*Material provided*:
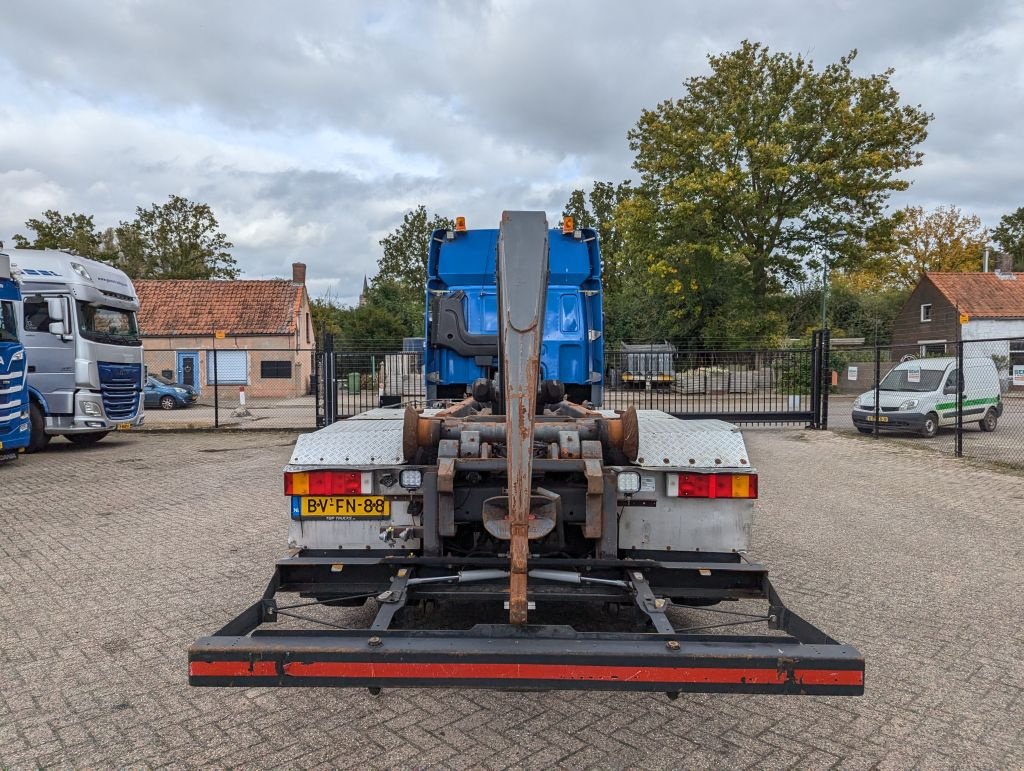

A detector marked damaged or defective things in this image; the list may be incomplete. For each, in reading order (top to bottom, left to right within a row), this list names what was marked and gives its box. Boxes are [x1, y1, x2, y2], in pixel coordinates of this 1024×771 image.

rusted steel beam [497, 211, 552, 626]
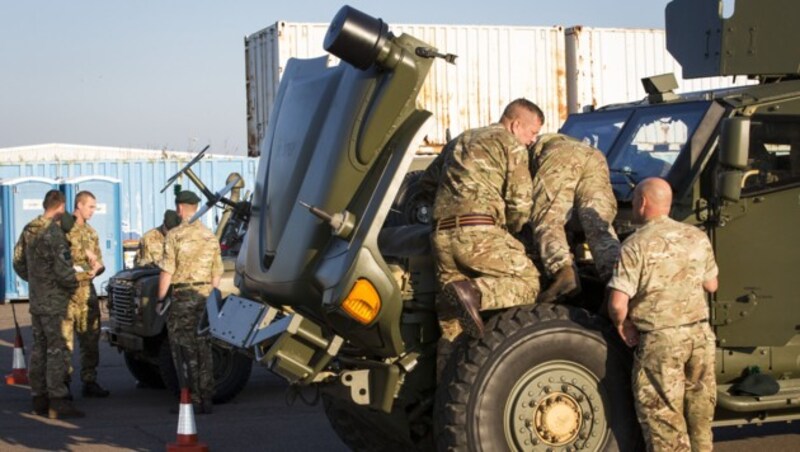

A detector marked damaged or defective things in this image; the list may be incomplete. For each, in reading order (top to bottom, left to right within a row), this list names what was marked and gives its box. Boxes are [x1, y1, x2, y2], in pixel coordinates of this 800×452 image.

rusty shipping container [247, 22, 564, 158]
rusty shipping container [245, 22, 752, 157]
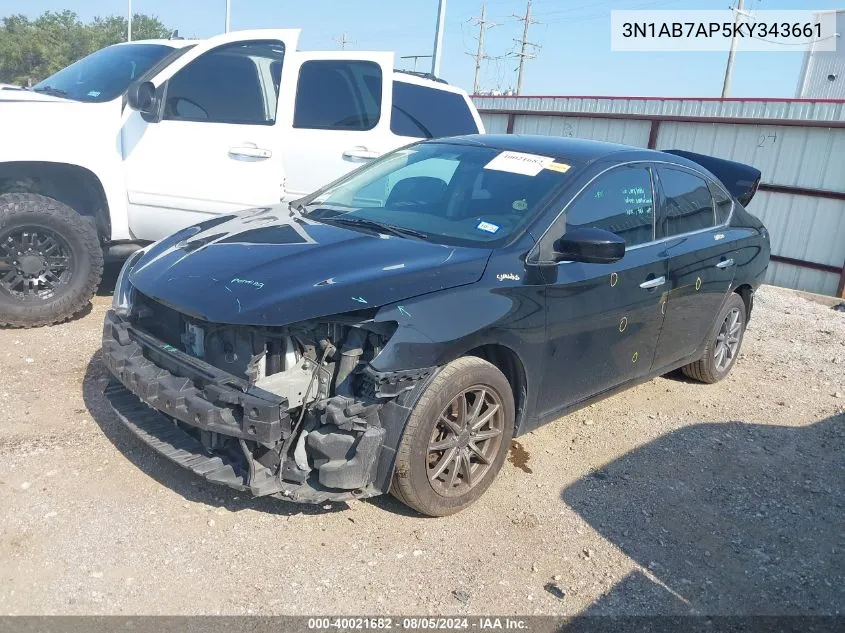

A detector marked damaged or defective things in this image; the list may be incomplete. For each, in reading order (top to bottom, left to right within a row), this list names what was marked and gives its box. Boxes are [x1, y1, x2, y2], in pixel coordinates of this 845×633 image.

crumpled hood [129, 207, 492, 326]
damaged front bumper [104, 312, 436, 504]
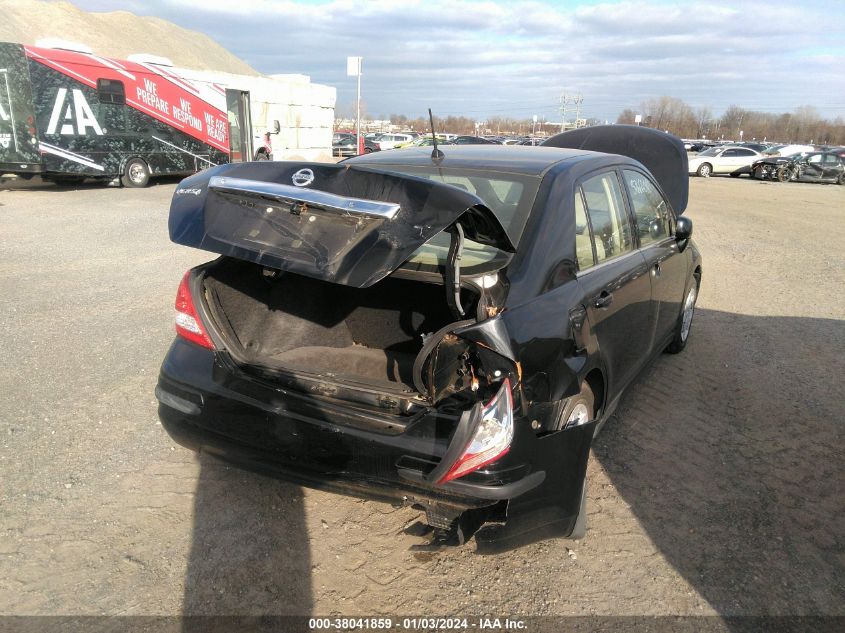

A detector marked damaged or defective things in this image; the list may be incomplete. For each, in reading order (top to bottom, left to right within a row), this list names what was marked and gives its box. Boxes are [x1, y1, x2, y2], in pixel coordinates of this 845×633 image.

broken taillight [173, 270, 214, 350]
damaged rear bumper [157, 336, 592, 540]
damaged black car [155, 124, 704, 548]
broken taillight [436, 376, 516, 484]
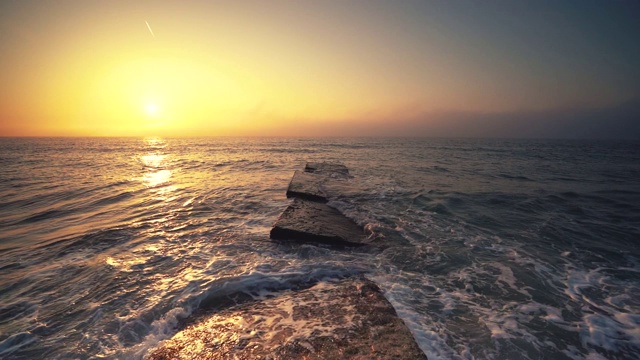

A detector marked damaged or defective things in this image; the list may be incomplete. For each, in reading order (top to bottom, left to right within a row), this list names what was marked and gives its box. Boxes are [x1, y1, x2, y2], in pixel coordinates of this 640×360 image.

broken concrete pier [268, 162, 364, 246]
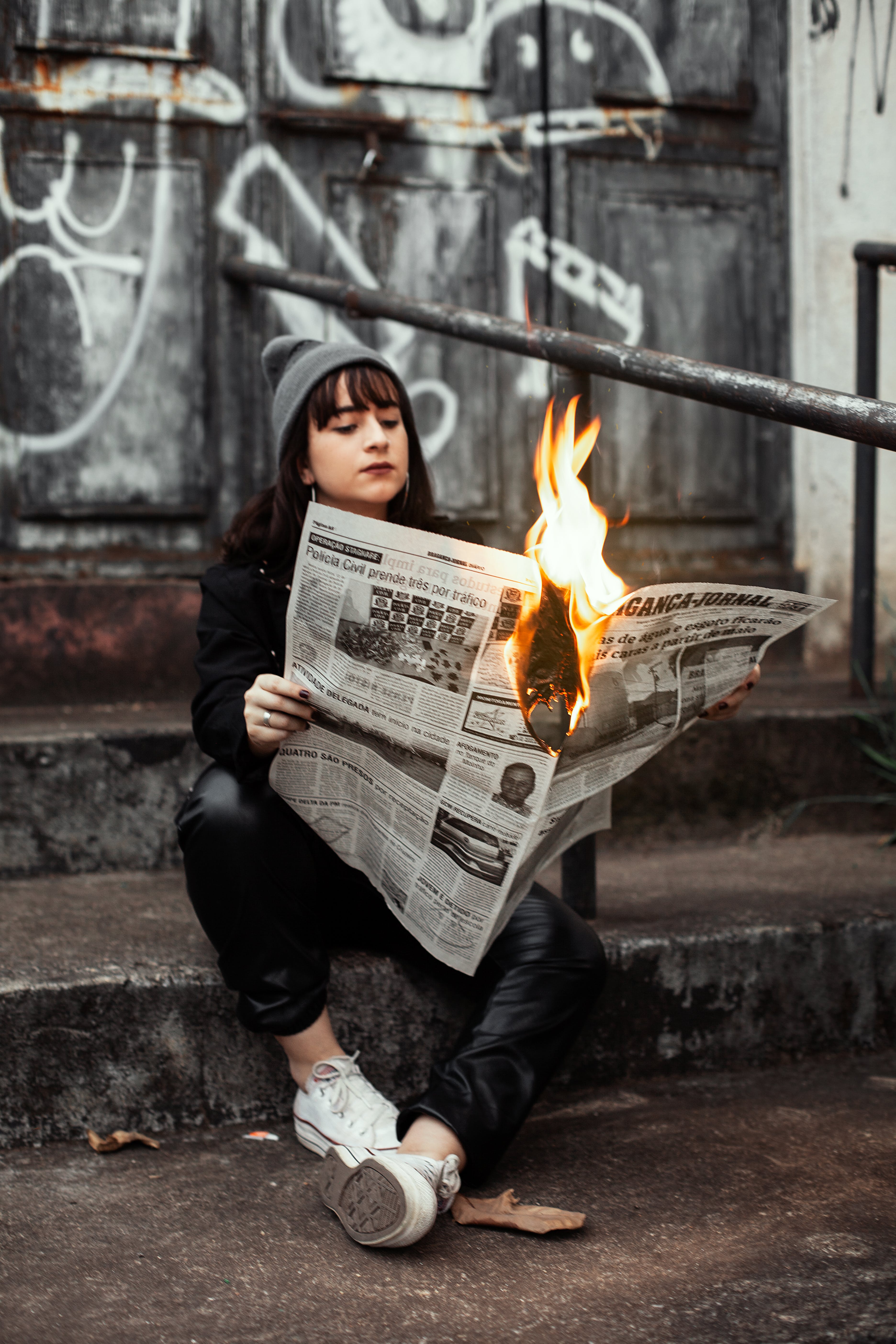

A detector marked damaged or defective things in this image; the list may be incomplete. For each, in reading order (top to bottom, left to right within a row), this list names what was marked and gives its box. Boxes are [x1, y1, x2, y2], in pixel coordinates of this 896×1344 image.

*Work required*:
Reproduce, unchanged, each line between the one with "this 640×360 image." and the last line of the material, both included; the pictures do not go in.

*Exercise solution*:
A detector marked damaged or defective things in this image; the list may be incomplete. For each, in reading order (top to bottom, left to right within a row), this list names what was marked and gives its box. Boxes are [x1, y1, x2, y2], in pixel coordinates of this 640×360 image.

broken concrete pier [268, 162, 364, 246]

A detector marked damaged or defective things in this image; the list may be incomplete. For each, in reading order (top to bottom, left to right within a row), this list names what was marked and gives its box. Boxes are [x1, y1, x2, y2], in pixel coordinates of this 896×1344 image.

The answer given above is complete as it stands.